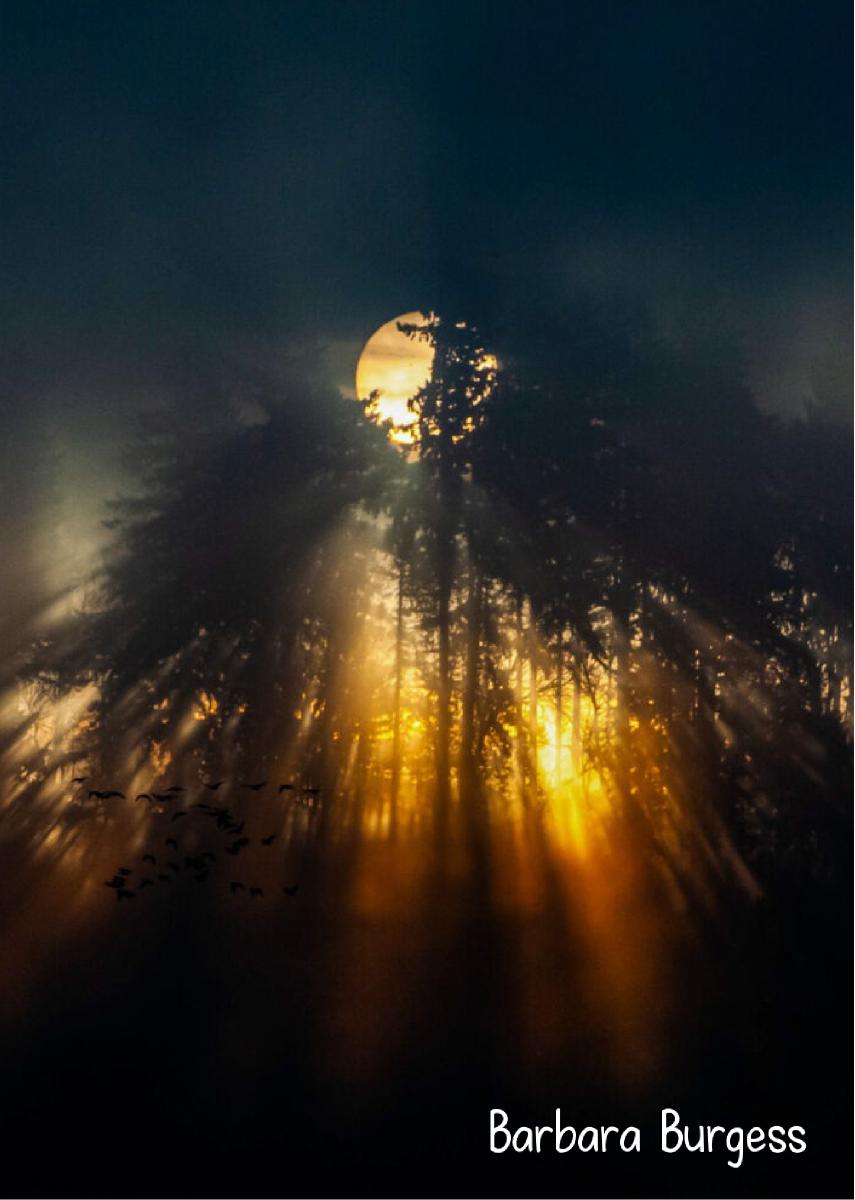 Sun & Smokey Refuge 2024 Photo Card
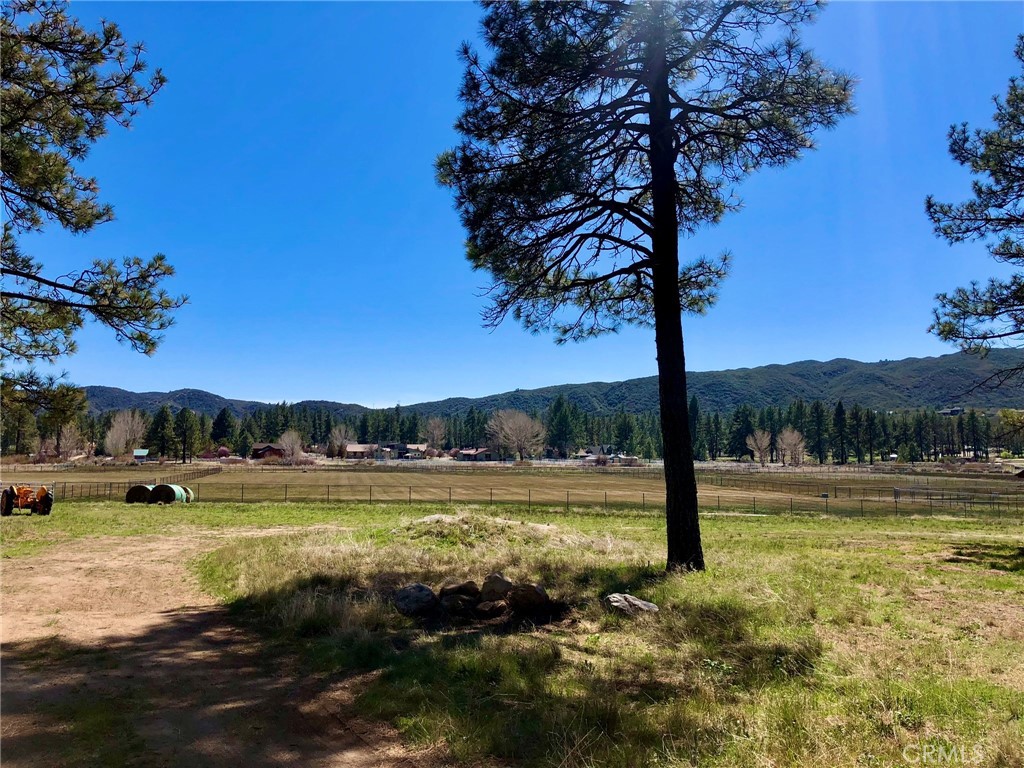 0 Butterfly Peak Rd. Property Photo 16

...

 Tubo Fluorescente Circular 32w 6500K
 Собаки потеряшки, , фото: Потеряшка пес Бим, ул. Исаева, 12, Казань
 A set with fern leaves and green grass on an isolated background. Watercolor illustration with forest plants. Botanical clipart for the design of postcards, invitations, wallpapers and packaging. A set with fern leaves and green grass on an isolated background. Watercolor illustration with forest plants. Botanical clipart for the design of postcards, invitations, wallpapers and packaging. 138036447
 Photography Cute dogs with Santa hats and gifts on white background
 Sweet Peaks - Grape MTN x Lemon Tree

▶ EXERCISE BRIEF: Could you set down, exactly as written, the lines above between the one holding "and packaging. 138036447" and the one holding "Sweet Peaks - Grape MTN x Lemon Tree", inclusive, and nothing more?

▶ TASK RESULT:
 A set with fern leaves and green grass on an isolated background. Watercolor illustration with forest plants. Botanical clipart for the design of postcards, invitations, wallpapers and packaging. A set with fern leaves and green grass on an isolated background. Watercolor illustration with forest plants. Botanical clipart for the design of postcards, invitations, wallpapers and packaging. 138036447
 Photography Cute dogs with Santa hats and gifts on white background
 Sweet Peaks - Grape MTN x Lemon Tree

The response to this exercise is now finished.